Das Nightstar Projekt

Ex-Nightstarwagen (c) Marc Dufour

Oder: Der Zug, der niemals fuhr. Im Jahr 1994 wurde der Eurotunnel unter dem Ärmelkanal eröffnet. Das ursprüngliche Betriebskonzept sah neben den Hochgeschwindigkeitszügen (Eurostar) auch Nachtverbindungen zwischen der britischen Insel und dem Kontinent vor. Geplante Ziele auf der Insel waren neben London die Städte Swansea, Plymouth, Manchester und Glasgow, die mit Paris, Amsterdam, Dortmund und Frankfurt verbunden werden sollten. Im Laufe des Projekts wurden die Zielbahnhöfe allerdings mehrfach geändert.

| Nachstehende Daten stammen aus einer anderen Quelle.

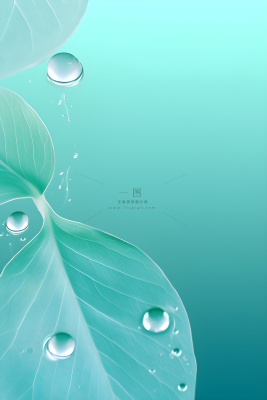 树叶露珠青色大气意境背景 树叶露珠青色大气意境背景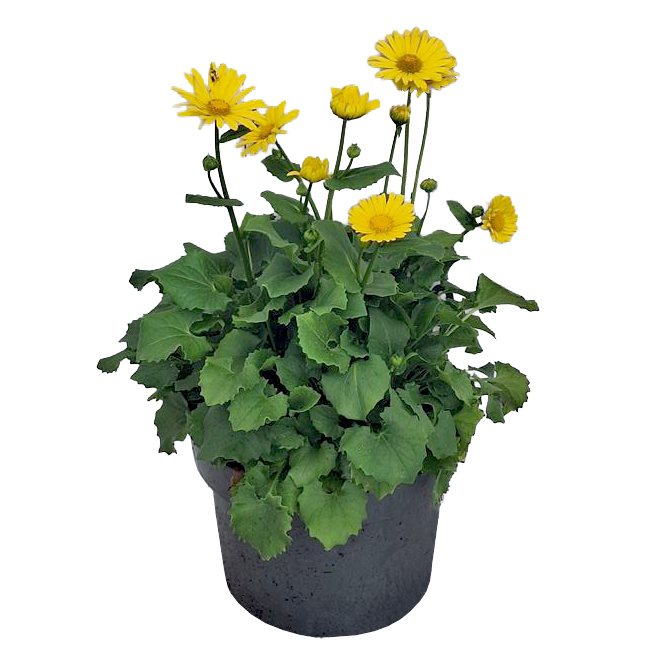 Doronicum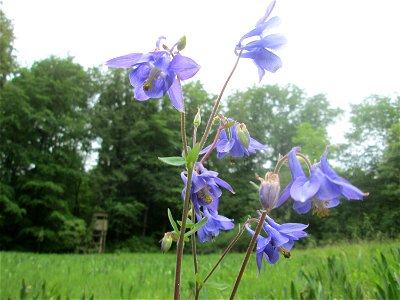 Gewöhnliche Akelei (Aquilegia vulgaris) im Naturschutzgebiet „Wusterhang“ oberhalb von Fechingen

Die Züge sollten aus 7- oder 8-teiligen Einheiten bestehen, und hätten jeweils Sitz-, Schlaf- und Servicewagen geführt. Hierfür wurden 139 Wagen in Auftrag gegeben, die allerdings in Europa nie zum Einsatz kommen sollten. Von 1992 bis 1997, als das Projekt auf Eis gelegt wurde, wurden 45 Wagen fertiggestellt, 32 teilweise. 1999 wurde die Pläne endgültig aufgegeben. Die vorhandenen Fahrzeuge wurden 2001 an die kanadische Bahngesellschaft Via Rail verkauft.

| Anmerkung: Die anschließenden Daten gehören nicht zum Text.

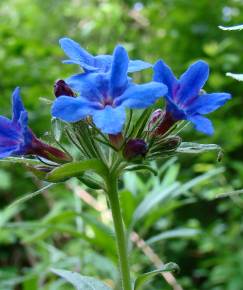 Fotografia da espécie Aegonychon purpurocaeruleum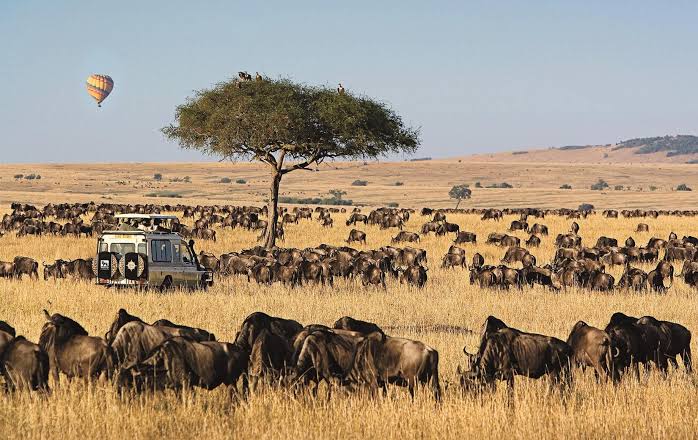 Masai Mara National Reserve - Luxury African Safari with Micato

In Großbritannien hätten speziell entwickelte elektrische Mehrsystemlokomotiven die Nightstar-Garnituren gezogen. Im Tunnelabschnitt wäre der Zug mit je eine solche Lok vorne und hinten ausgestattet worden, um im Notfall zwei Zughälften herausziehen zu können. In Frankreich wären die Nightstars dann von neuen Lokomotiven der SNCF übernommen worden. Für nicht-elektrifizierte Strecken in Großbritannien sollten Diesellokomotiven in Doppeltraktion eingesetzt werden. Außerdem wären zusätzliche Generatorwagen für die elektrische Zugausrüstung notwendig gewesen.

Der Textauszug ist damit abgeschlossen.